DATA SUPPLIED ->
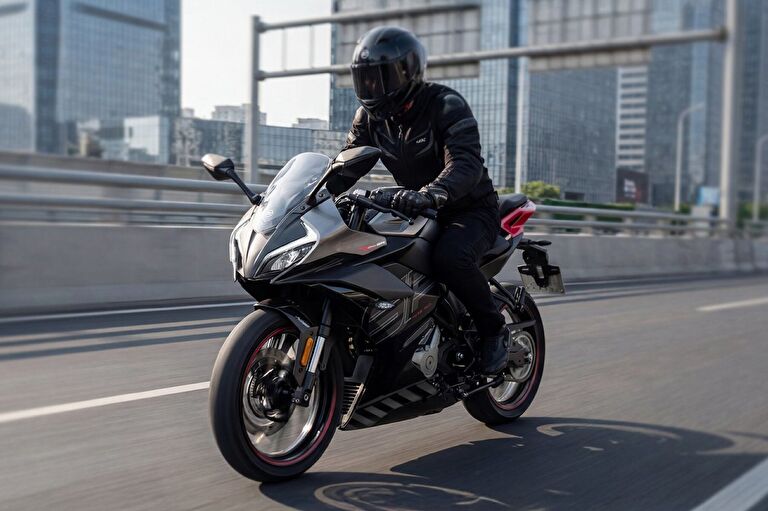 CFmoto 250SR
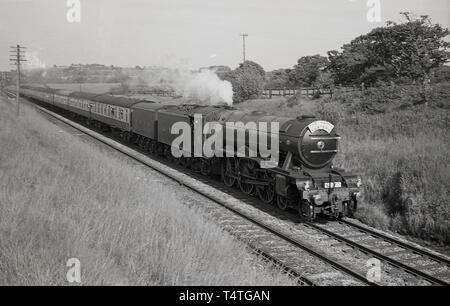 1969, storico sul binario ferroviario, la mitica locomotiva a vapore, il Flying Scotsman", Inghilterra, Regno Unito. Foto Stock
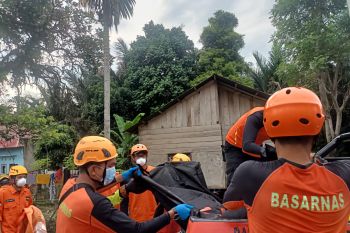 Masa pencarian korban hilang banjir Pesisir Selatan diperpanjang, satu korban lagi ditemukan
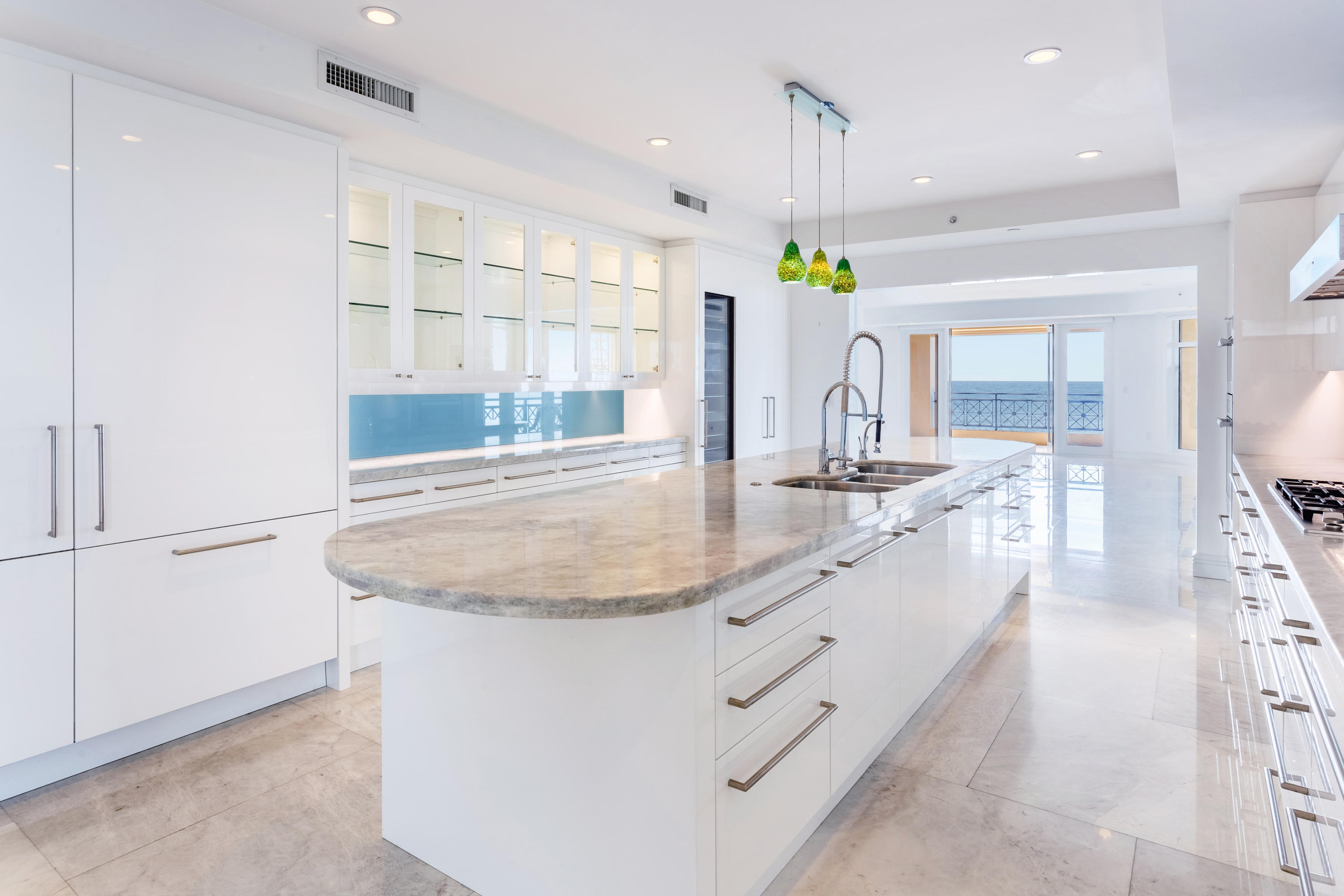 Luxuria - Residential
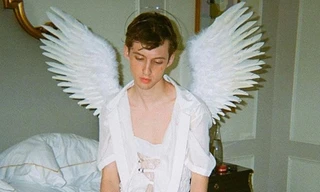 Troye Sivan hóa thiên thần lạc lối giữa chốn trần gian, gây bão TikTok với "Angel Baby"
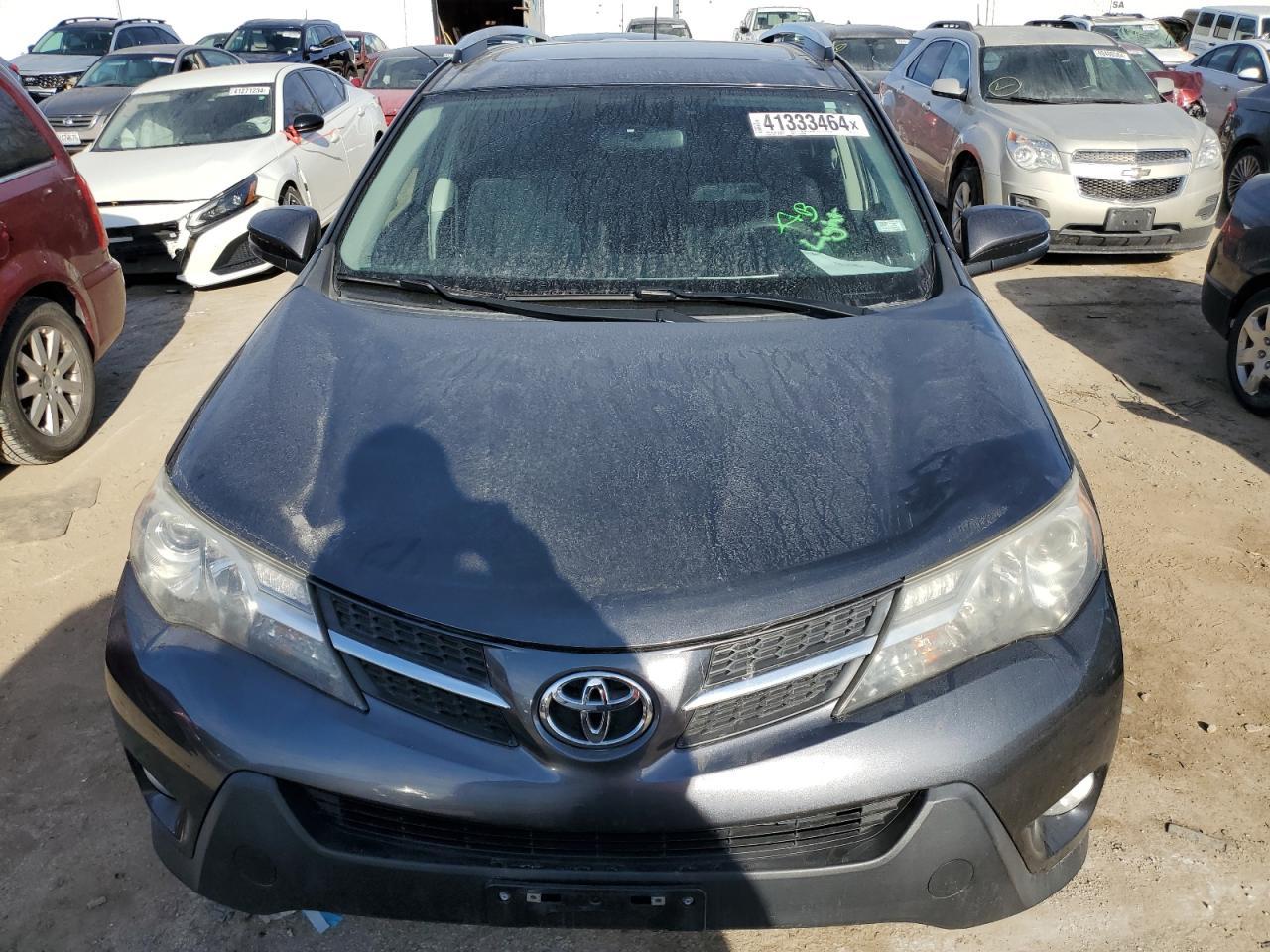 2015 TOYOTA RAV4 XLE - Image 5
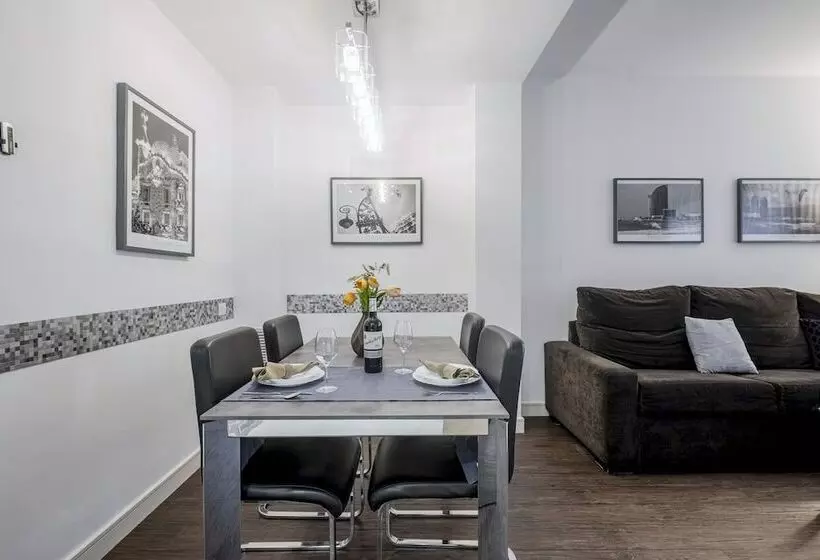 Aspasios Catedral Apartments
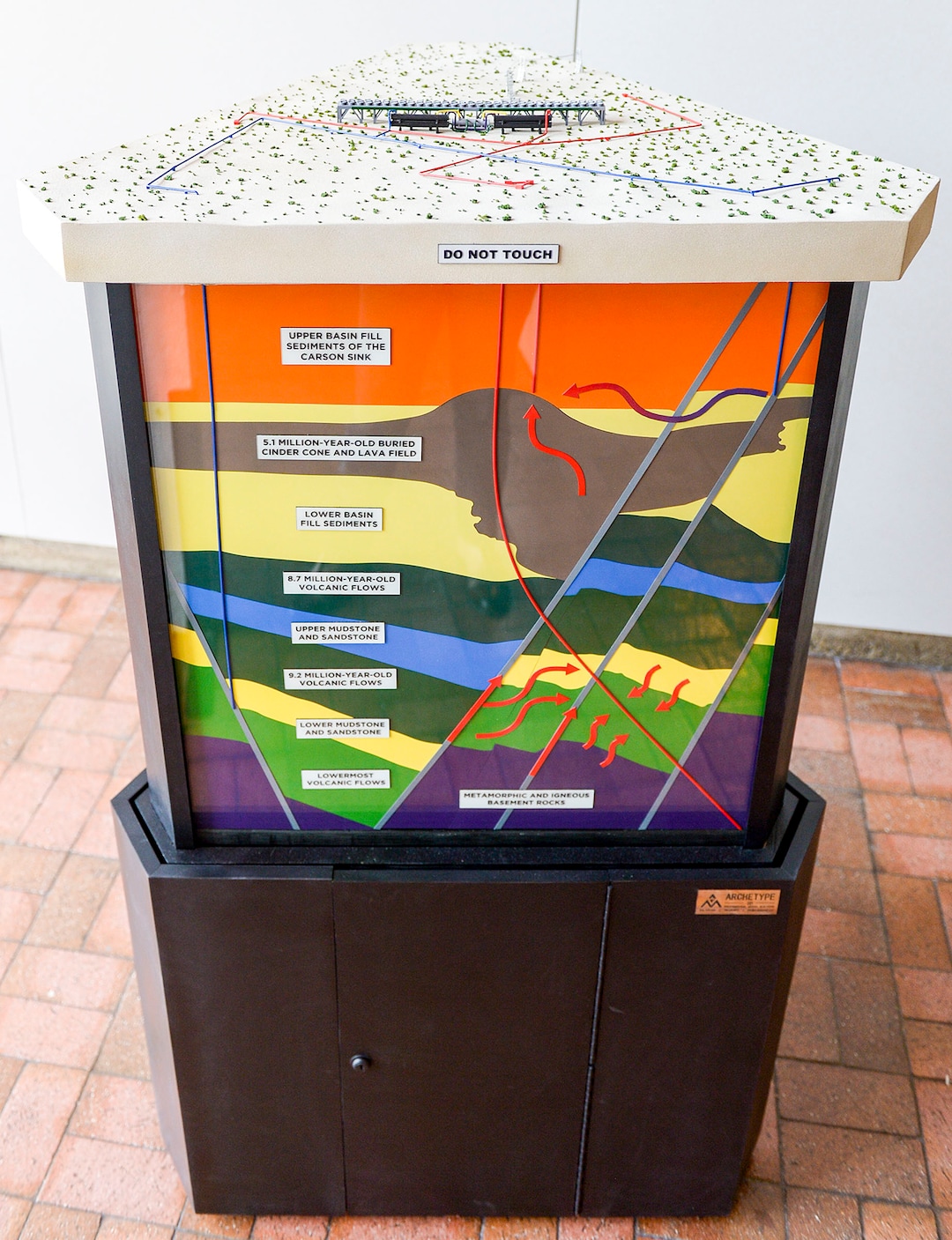 (Leah Hogsten  |  The Salt Lake Tribune) A model shows how the closed circuit, geothermal power generating plant located in Soda Lake, Nev., works. The geothermal plant generates electricity for the University of Utah. The University of Utah gets more than half of its electricity from solar and geothermal power.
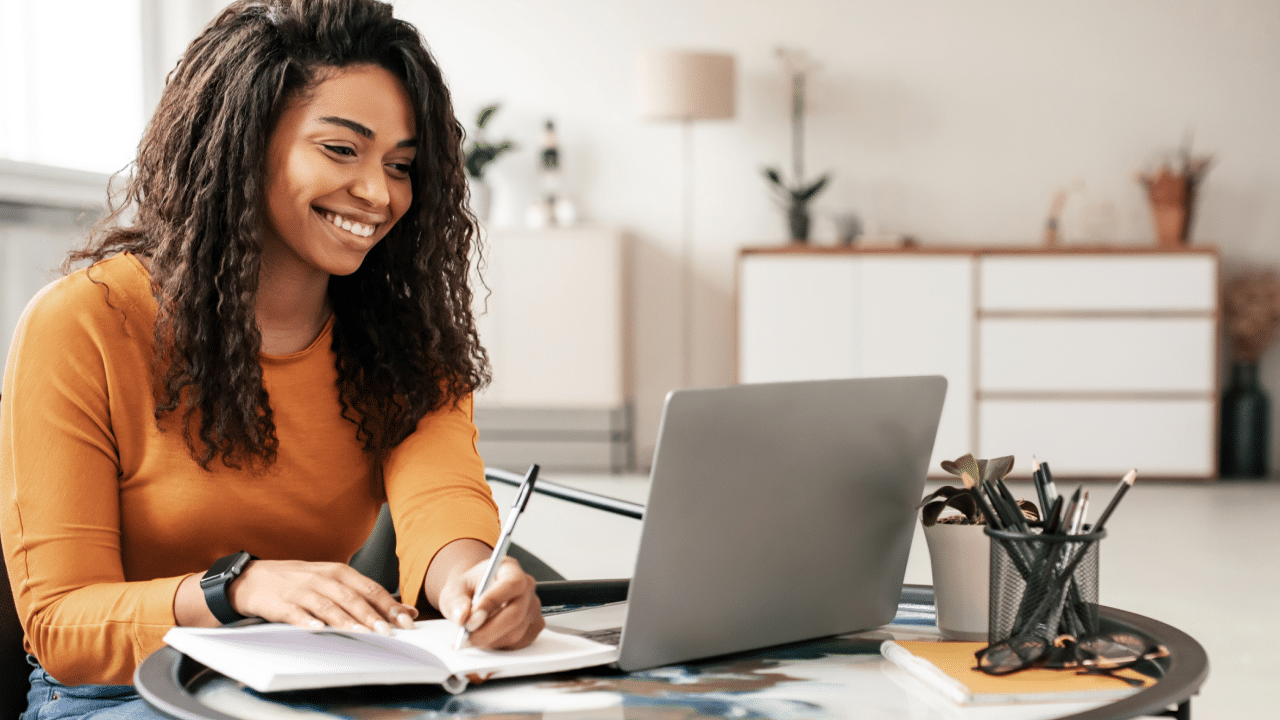 How to Become an Interior Designer in 15 Practical Steps
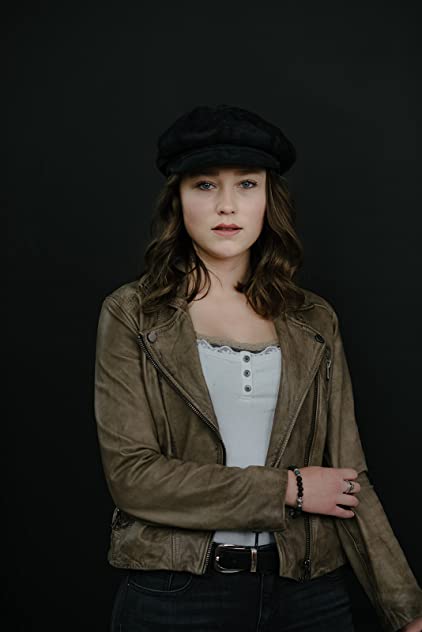 Megan Elisabeth Kelly Megan Elisabeth Kelly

WHAT TO PRODUCE -> An exact copy of the listing above is to be set down, with no pictures in it.

EXERCISE ANSWER ->
 CFmoto 250SR
 1969, storico sul binario ferroviario, la mitica locomotiva a vapore, il Flying Scotsman", Inghilterra, Regno Unito. Foto Stock
 Masa pencarian korban hilang banjir Pesisir Selatan diperpanjang, satu korban lagi ditemukan
 Luxuria - Residential
 Troye Sivan hóa thiên thần lạc lối giữa chốn trần gian, gây bão TikTok với "Angel Baby"
 2015 TOYOTA RAV4 XLE - Image 5
 Aspasios Catedral Apartments
 (Leah Hogsten  |  The Salt Lake Tribune) A model shows how the closed circuit, geothermal power generating plant located in Soda Lake, Nev., works. The geothermal plant generates electricity for the University of Utah. The University of Utah gets more than half of its electricity from solar and geothermal power.
 How to Become an Interior Designer in 15 Practical Steps
 Megan Elisabeth Kelly Megan Elisabeth Kelly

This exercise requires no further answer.